Wendy, that’s impressive and fantastic! Gives me a little faith.
One of the many reasons why I love the place
Replace “gift” and “potluck” with “vacations” and that’s my world. I have a friend who lived with her boyfriend before they got married last year. It seems like every other month they’re taking a long weekend to someplace fun to “recharge.” I’d love to “recharge” too but taking a four-day weekend in San Diego from the East Coast is a heck of a lot harder for me than them. When her parents had some health issues, my friend took off immediately for the midwest. When the call to “recharge” hit them again, they spent a week in Italy! All of this was within six months.
I try not to be jealous but … I’m jealous! I typically don’t envy couples or married people but they sure do have us singles beat when it comes to vacations. To pay for my friend’s three trips would have me eating tuna fish sandwiches for breakfast, lunch and dinner for like a year!
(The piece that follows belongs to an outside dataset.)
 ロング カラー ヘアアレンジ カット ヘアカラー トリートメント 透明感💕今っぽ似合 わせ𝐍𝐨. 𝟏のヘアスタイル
The one thing I’d keep in mind, Latarsha, is that assumes both people in the couple have the same inclination for travel. In my experience, that’s not always the case.
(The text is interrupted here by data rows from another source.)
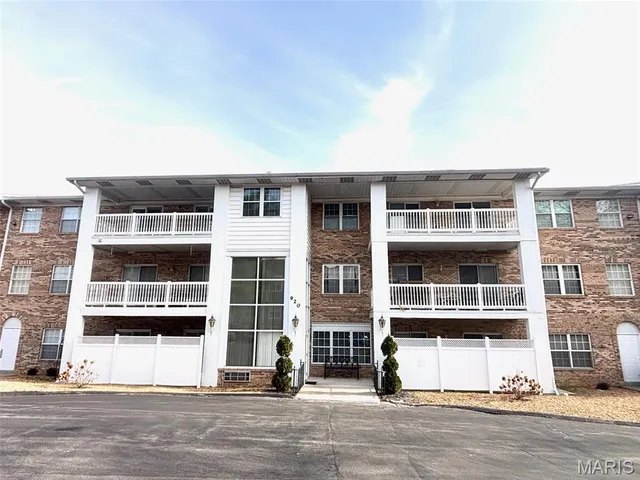 $170,000 | 920 Guelbreth Lane, Unit 103, Creve Coeur, MO 63141
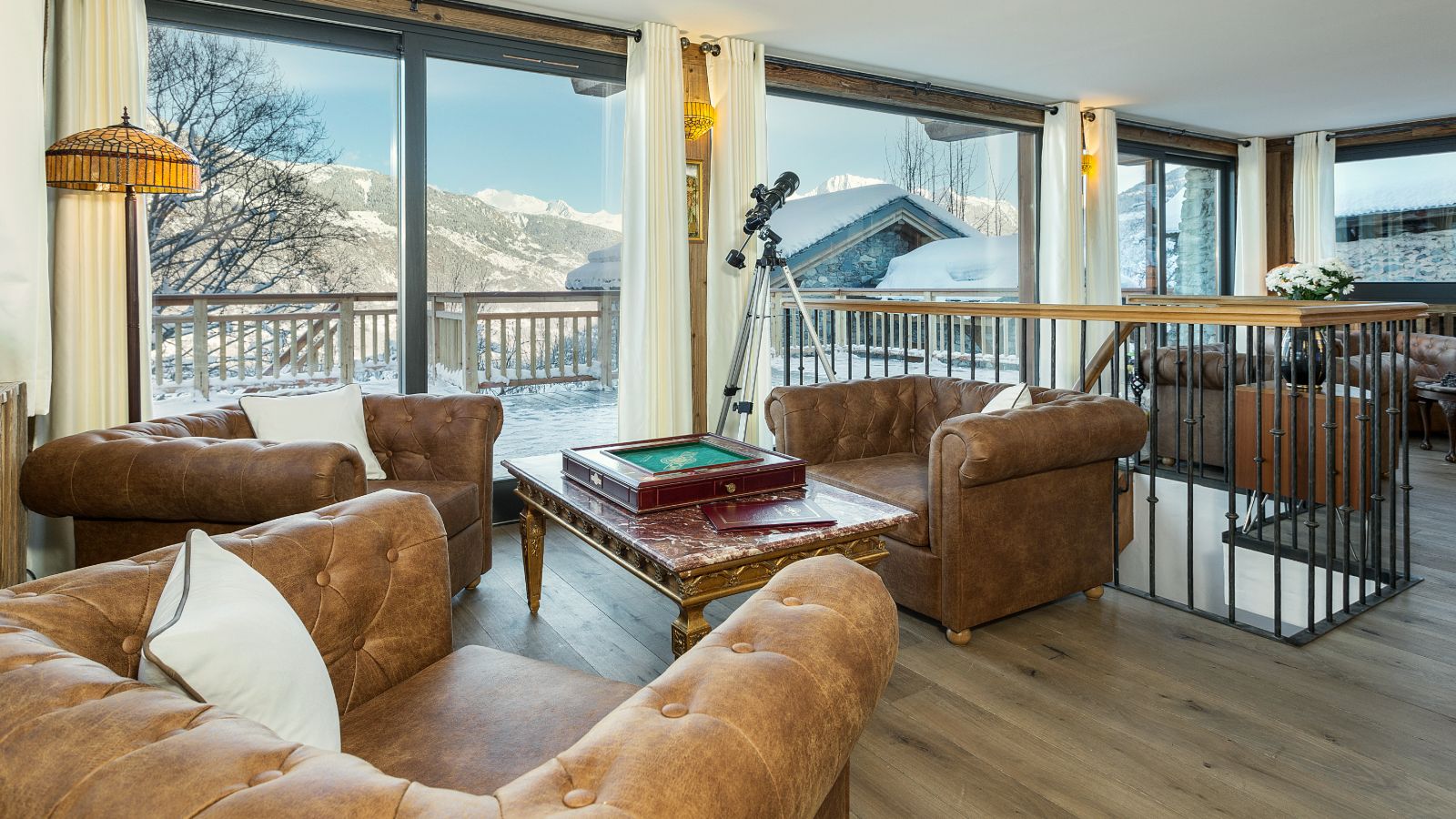 Luxury-Ski-Chalet-Meribel-Chalet-Iona-Oxford-Ski-Bedroom (27).jpg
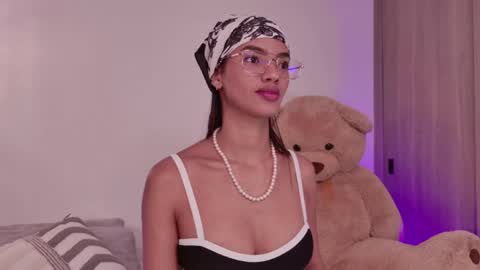 Snapshot of lia_girl2 chatting on 21, 4, 2026 Lia online show from 21, 4, 2026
I’m glad I came back to see comments and discovered that others feel the way I do and that it can be a point of contention (esp. “eating for two!”).
An additional comment: when I was married, we took a few interesting trips. Now single, people still ask me, “Do you have any big travel plans?” It’s frustrating and a bit depressing because like Latarsha hinted, travel is costly. I can’t afford to do it as much as I’d like anymore.
It’s especially frustrating that I can’t travel the way I want because I’m at an age when I appreciate travel more, my career is more stable and I make more money than I did before. It’s tough to find a way when you’re also balancing the way you want to travel vs the financials of it, ie, stay in hotels vs motels, stay downtown (higher costs/no need to rent a car) vs stay further out (lower rental rates/vehicle needed) and so on. I’m trying to come up with travel plans that are more local/regional and therefore eliminate renting cars, airfare and long-term parking costs and something I can do a couple of times a year while continuing to save for one larger trip once a year. Still. Planning a trip to Italy for five days like my friend did would require me to plan to take that trip 18 months or more from now. So depressing.
But Italy is a worthy goal. And in my experience, 18 months goes by very fast.